1.1 In this agreement unless the context otherwise requires: “Additional Charges” means the charges to be calculated by the Company on a time and materials basis at its then prevailing rates in respect of the provision of Excepted Services pursuant to Clause 6 below. “Commencement Date” means the date set out overleaf upon which this agreement shall commence. “The Company” means Matrix Telecom Maintenance Ltd, a company incorporated in England under number 02546825, whose registered address at the time being Matrix House, Kingsway, Haslingden, Lancashire, BB4 4QJ. “The Customer” means the individual, firm, company or other body named overleaf. “Equipment” means the equipment and description and location of which are shown overleaf. “Force Majeure” means in relation to either party, any circumstances beyond the reasonable control of that party (including, without limitation, any strike, lock-out or other industrial action). “Liability” means any liability arising by reason of any representation, or any breach of any implied term or any duty at common law, or under any statue, or under any express terms of this Agreement. “Location” means the location of the Equipment shown in Schedule 1 or any other location agreed from time to time between the parties. “Loss” means, in relation to the Customers, any loss (whether loss or profit or otherwise), damages, costs or other compensation and any legal or other expenses which is or awarded against or incurred by or paid or agreed to be paid in settlement of any claim by the Customer, however the same may arise and whether occasioned by the negligence of the Contractor, its employees or agents or otherwise. “Normal Business Hours” means the hours of 0900 to 1700 on any working Day (excluding Bank and Public holidays) unless otherwise varied in accordance with clause 5.2. “Maintenance Charges” means the aggregate annual charge for the maintenance services calculated in accordance with clause 3.1 below and set out overleaf. “Maintenance Services” means the provision of Preventative Maintenance, Curative Maintenance and Mandatory Engineering Charges as defined in Clause 4 below.
1.2 The headings in this Agreement are for convenience only and shall not affect its interpretation. “Place of Use” means that part of the Customer’s premises at the Site where the Equipment is installed and operated. “Site” means the Customer’s address specified overleaf.
2. Company Undertaking
In consideration of the payment by the Customer from time to time of the maintenance charges in accordance with Clause 3 below the Company undertakes to provide the Maintenance Services in respect of the Equipment upon the terms and conditions of this Agreement.
3. Maintenance Charges
3.1 The annual maintenance charge at the date hereof in respect of each Item of equipment shall be set out overleaf.

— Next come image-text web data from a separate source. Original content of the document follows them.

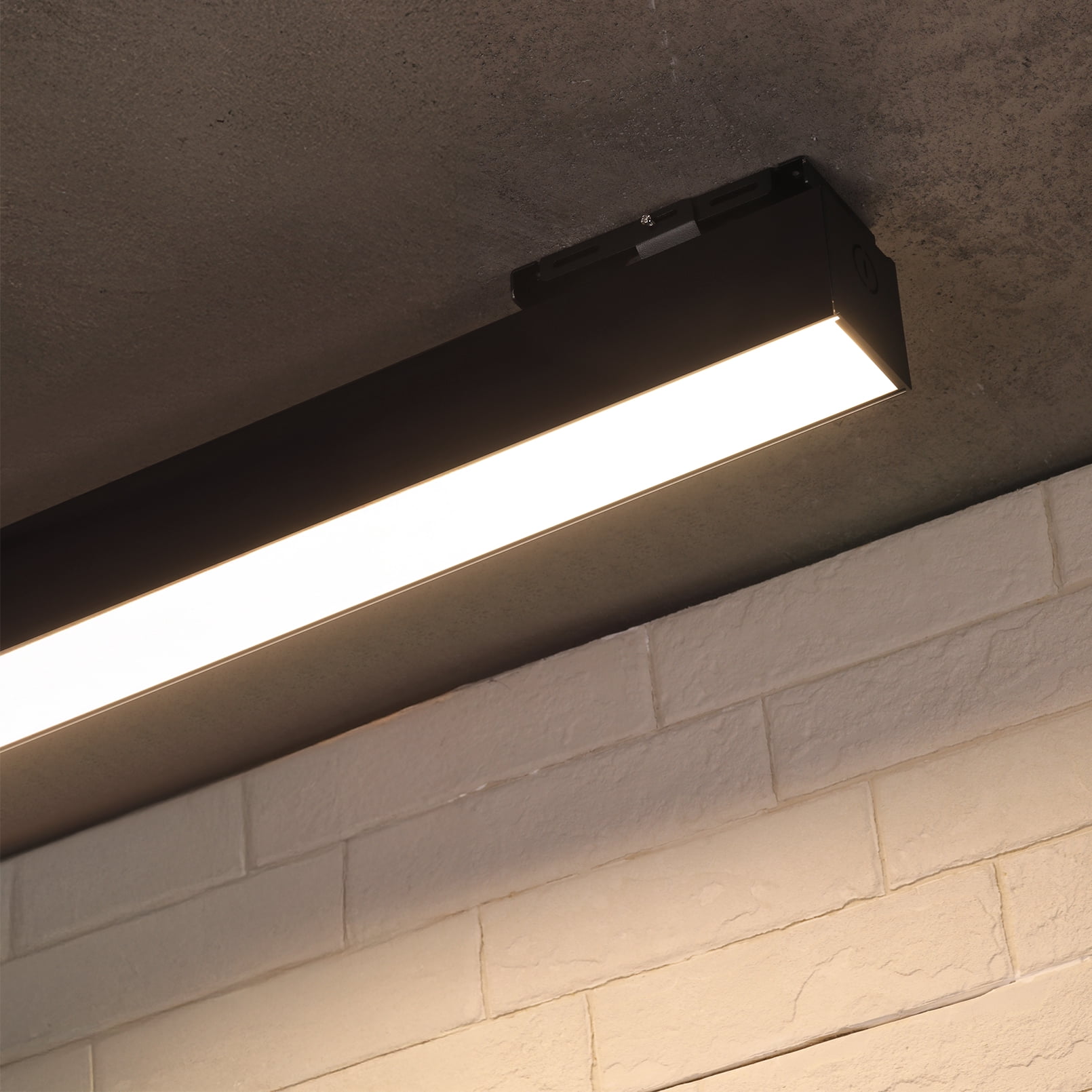 Ceiling Mount Kit for LED Linear Lights, Commercial Grade SPCC Steel Bracket for Single Fixture Installation, ONLY for LEONLITE Linear Lights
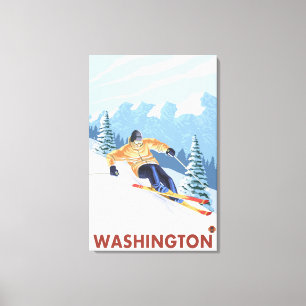 Toile Ski de neige - Washington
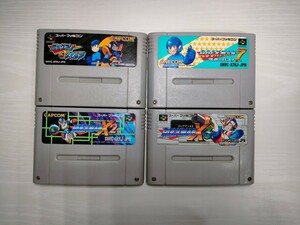 SFCのみ【ロックマン＆フォルテ/ロックマンX2 X3/ロックマン7】『スーパーファミコン 任天堂 NINTENDO ソフト カプコン』まとめて4本セット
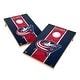 preview thumbnail 1 of 3, Vintage Columbus Blue Jackets NHL Regulation 2x4 Cornhole Set Include Carry Case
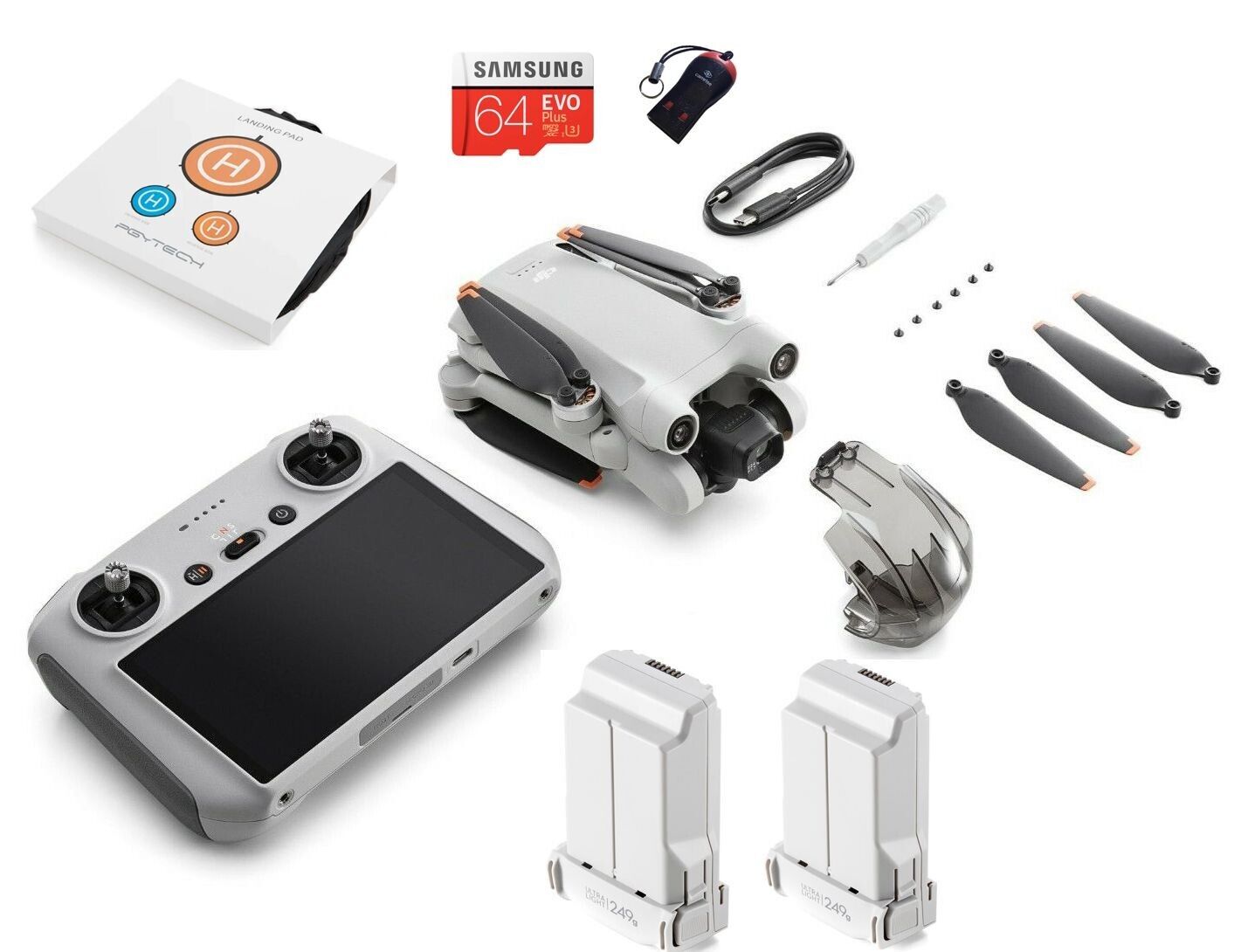 DJI Mini 3 Pro (DJI RC) Drone Pro Bundle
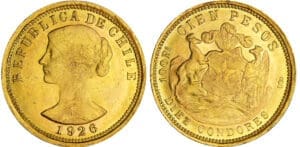 Chili - 100 pesos 1926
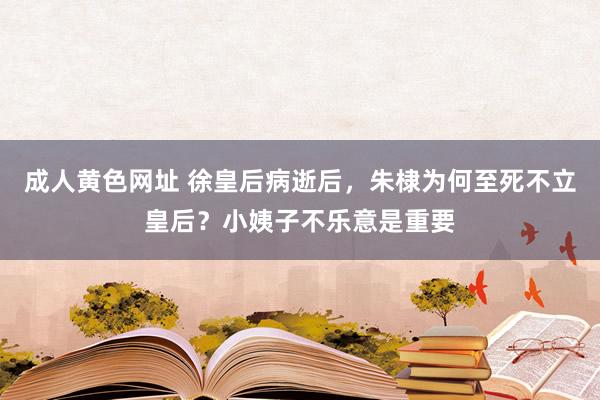 成人黄色网址 徐皇后病逝后，朱棣为何至死不立皇后？小姨子不乐意是重要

The aggregate of such annual maintenance charges shall constitute the Maintenance Charges for the purposes of this agreement.
3.2 The Company shall be entitled to vary the Maintenance Charges during the period of the contract for any additional items purchased by the customer.
3.3 The Maintenance Charge will be increased annually to cover the cost of inflation, the percentage increase will be determined by the Company.
3.4 The Maintenance shall include the travel accommodation and substinence expenses of the Company’s employees (including the cost of time spent travelling) incurred in the provision of the Maintenance Services.
3.5 The Maintenance charges shall not include the cost of any Excepted Services.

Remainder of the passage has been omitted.